Phase 09 — Exercises: Sampling & Decoding Algorithms
Contents
Warm-up (explain)
- What is the pipeline order (penalties → ? → ? → ? → sample) and why does order matter?
- Greedy vs temperature 0 vs top-k=1 — are these the same? When?
- Top-p vs top-k vs min-p — describe each and when it adapts to model confidence.
Core (trace the code)
- In
Sampler.forward(sampler.py:67), where are per-request params read from, and why are they tensors rather than a Python loop? - What is a logits processor (
logits_processor/interface.py)? Name three things it implements. - How does parallel sampling (
parallel_sampling.py) reuse prefix caching forn>1?
Build (your lab)
- In lab-01, why must repetition penalty be applied before temperature?

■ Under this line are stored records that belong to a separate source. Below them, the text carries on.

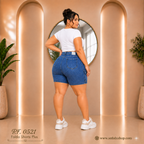 Falda shorts plus 0521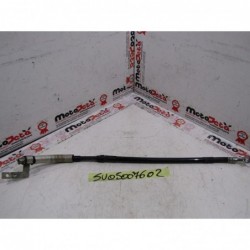Tubo freno abs post. brake hose rear Suzuki V-Strom 650 07 11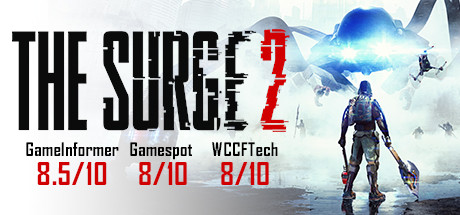 The Surge 2 + ALL DLCs Español Pc
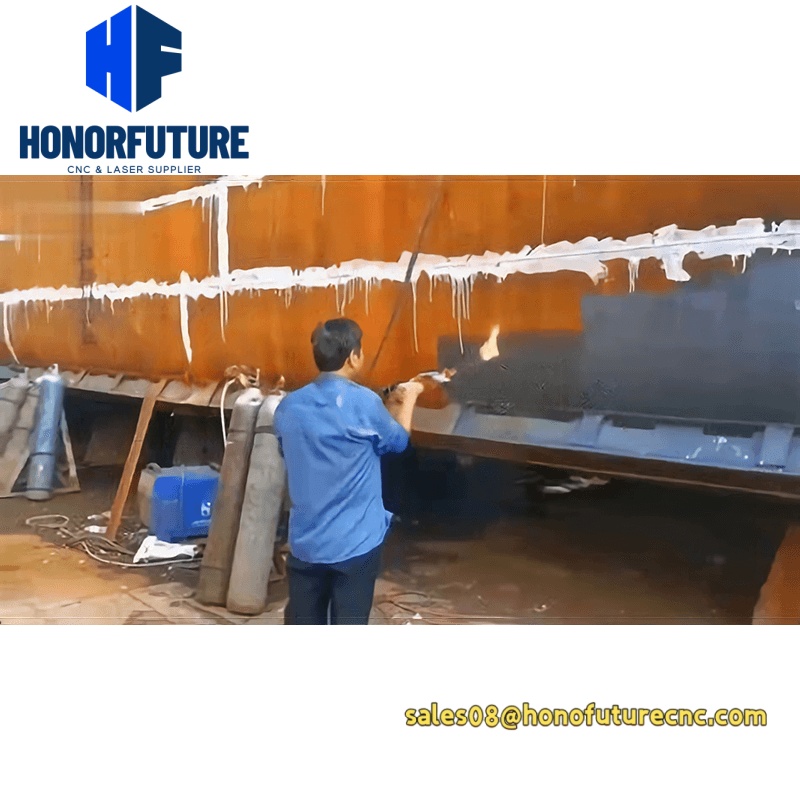 Lazer Cleaning Machine Fiber L - مراجعة Industrial Laser Paint Remover وسعره
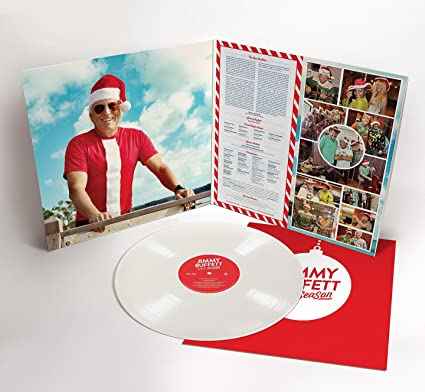 'Tis The Season (180 Gram White Vinyl) [Vinyl]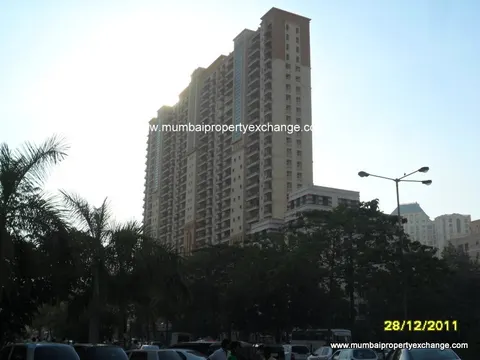 3 BHK Tribeca in Thane West, photo 2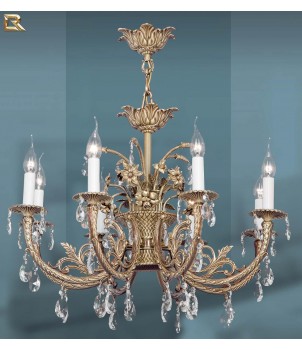 Candelabru VALENCIA 056D CJ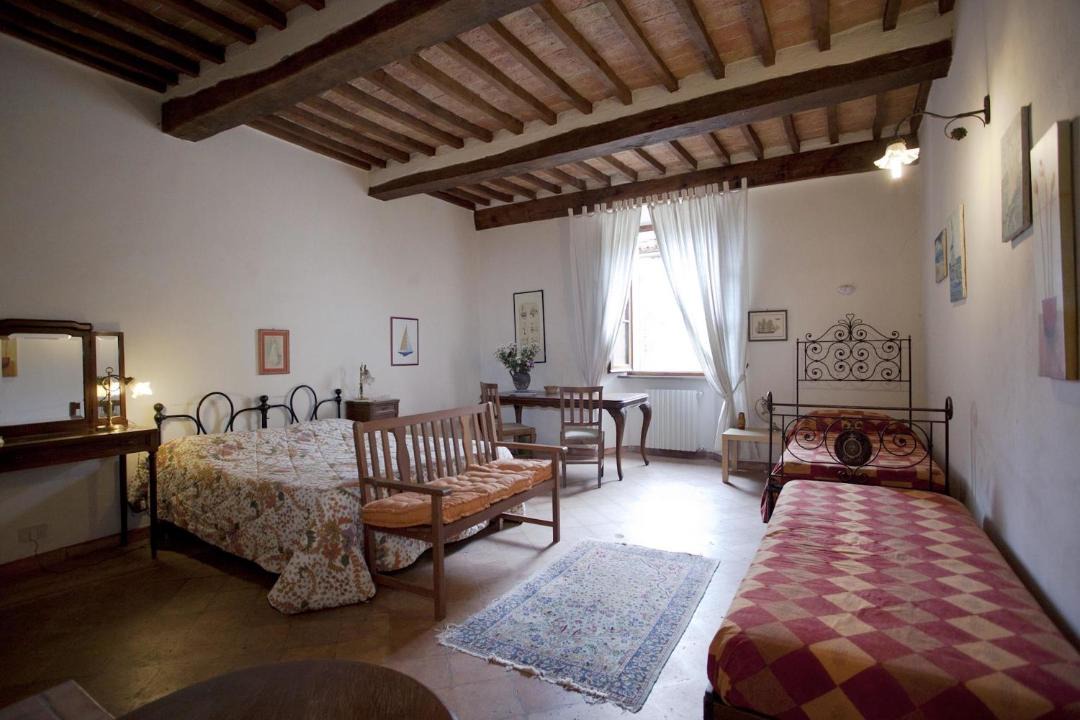 Photo of Bedroom in Sarteano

- Add frequency and presence penalties (count-scaled vs flat) and test their difference.
- Implement a
logit_biaslogits processor (add a constant to specified token ids) and verify a strongly biased token dominates.
Design (staff-level)
- You must apply 256 different
(temperature, top_p, penalties)in one decode step. Sketch the data layout and why a Python loop is unacceptable on the hot path. - A user reports repetitive loops at temperature 0. What knobs help, and what's the tradeoff of each (penalty too high degrades quality)?
- Beam search is requested for a production endpoint. Explain why it's awkward in continuous batching and how you'd bound its cost.
Self-grading
4–6 and 10–12 are interview-grade. Could you whiteboard the batched pipeline and name the files? If not, re-read 01-deep-dive.md.